**Work to be completed:** Two lines mark the range in the entries below: the one holding "Bir kase sebze" and the one holding "Expose Top ausgestattete". Set down those two and all lines between them, exactly.

**Input for this task:**
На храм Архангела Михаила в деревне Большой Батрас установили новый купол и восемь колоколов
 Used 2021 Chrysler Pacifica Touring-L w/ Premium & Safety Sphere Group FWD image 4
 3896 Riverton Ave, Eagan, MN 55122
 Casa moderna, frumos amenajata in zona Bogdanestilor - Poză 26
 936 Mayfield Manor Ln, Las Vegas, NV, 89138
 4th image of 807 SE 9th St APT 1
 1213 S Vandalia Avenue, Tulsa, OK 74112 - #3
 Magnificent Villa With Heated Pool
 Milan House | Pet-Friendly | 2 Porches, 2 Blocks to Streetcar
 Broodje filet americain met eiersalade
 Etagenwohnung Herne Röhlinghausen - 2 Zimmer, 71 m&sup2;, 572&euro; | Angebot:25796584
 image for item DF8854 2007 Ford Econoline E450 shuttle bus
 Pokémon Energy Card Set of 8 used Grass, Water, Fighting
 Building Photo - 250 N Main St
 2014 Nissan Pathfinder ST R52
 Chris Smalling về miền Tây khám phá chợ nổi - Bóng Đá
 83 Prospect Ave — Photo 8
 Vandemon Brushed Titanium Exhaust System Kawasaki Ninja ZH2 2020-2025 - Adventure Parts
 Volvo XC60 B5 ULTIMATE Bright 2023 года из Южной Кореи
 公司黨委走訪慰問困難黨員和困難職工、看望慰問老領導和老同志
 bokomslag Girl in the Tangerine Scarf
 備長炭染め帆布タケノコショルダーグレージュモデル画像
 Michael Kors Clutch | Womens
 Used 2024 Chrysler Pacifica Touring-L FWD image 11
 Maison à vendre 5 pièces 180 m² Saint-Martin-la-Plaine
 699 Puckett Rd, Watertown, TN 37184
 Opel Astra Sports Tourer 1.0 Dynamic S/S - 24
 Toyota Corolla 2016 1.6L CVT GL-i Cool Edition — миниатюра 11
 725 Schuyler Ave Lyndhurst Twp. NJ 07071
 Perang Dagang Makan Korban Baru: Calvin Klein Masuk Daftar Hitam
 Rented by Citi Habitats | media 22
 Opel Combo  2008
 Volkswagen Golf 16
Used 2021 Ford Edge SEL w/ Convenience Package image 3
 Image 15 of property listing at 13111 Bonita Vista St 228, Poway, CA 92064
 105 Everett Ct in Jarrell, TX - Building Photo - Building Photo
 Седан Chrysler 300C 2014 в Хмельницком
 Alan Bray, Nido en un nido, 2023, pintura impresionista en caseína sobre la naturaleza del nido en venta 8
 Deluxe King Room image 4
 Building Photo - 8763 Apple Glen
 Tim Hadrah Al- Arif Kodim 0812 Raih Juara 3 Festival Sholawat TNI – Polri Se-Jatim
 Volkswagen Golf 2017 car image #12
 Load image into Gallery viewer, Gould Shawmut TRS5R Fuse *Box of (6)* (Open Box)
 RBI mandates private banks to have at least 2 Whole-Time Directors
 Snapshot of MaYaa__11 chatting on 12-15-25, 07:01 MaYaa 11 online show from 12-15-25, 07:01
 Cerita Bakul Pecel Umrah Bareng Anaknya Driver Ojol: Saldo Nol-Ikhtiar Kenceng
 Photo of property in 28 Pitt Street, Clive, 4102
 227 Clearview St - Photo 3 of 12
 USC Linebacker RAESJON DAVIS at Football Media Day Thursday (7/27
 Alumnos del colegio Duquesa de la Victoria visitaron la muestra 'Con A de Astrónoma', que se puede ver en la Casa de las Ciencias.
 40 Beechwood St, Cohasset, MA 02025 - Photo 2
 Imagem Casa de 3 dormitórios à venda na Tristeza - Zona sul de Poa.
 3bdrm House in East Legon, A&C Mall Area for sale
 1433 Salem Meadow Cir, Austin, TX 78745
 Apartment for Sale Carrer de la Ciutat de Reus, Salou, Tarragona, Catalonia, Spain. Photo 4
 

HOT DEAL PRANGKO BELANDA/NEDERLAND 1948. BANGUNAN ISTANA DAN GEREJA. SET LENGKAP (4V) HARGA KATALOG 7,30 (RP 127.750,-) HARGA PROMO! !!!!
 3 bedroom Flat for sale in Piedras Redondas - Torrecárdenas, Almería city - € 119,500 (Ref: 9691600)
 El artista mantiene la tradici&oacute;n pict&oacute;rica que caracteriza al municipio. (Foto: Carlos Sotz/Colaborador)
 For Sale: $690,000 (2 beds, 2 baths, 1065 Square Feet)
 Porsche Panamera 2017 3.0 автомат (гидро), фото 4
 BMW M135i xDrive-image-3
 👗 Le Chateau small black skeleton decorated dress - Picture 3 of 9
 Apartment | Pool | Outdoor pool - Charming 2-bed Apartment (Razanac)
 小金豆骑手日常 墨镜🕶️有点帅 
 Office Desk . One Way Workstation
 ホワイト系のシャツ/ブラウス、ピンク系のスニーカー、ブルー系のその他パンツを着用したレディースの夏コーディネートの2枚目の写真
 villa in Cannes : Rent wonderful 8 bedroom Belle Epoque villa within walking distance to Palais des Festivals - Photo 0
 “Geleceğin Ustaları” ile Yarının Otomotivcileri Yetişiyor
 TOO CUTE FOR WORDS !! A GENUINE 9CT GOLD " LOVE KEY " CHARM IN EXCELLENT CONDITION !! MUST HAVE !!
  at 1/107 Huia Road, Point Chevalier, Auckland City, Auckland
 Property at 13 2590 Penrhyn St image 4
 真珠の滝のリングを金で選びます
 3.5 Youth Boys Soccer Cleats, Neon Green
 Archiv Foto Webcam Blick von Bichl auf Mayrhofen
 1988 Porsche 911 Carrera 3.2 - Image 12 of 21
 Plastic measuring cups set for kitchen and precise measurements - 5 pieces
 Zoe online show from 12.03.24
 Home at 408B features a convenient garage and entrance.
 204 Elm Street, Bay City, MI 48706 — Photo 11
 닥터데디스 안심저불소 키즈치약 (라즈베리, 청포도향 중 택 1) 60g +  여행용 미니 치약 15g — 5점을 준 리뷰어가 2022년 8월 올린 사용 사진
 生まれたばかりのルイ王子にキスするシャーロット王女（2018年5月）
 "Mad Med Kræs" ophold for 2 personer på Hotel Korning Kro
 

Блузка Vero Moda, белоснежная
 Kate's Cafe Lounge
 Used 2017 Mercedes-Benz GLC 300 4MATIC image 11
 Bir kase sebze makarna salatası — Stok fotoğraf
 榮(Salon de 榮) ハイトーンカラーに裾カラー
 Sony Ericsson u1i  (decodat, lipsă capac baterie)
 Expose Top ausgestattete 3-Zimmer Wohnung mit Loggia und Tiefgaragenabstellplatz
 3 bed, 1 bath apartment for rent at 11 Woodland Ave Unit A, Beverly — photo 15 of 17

**Written solution:**
 Bir kase sebze makarna salatası — Stok fotoğraf
 榮(Salon de 榮) ハイトーンカラーに裾カラー
 Sony Ericsson u1i  (decodat, lipsă capac baterie)
 Expose Top ausgestattete 3-Zimmer Wohnung mit Loggia und Tiefgaragenabstellplatz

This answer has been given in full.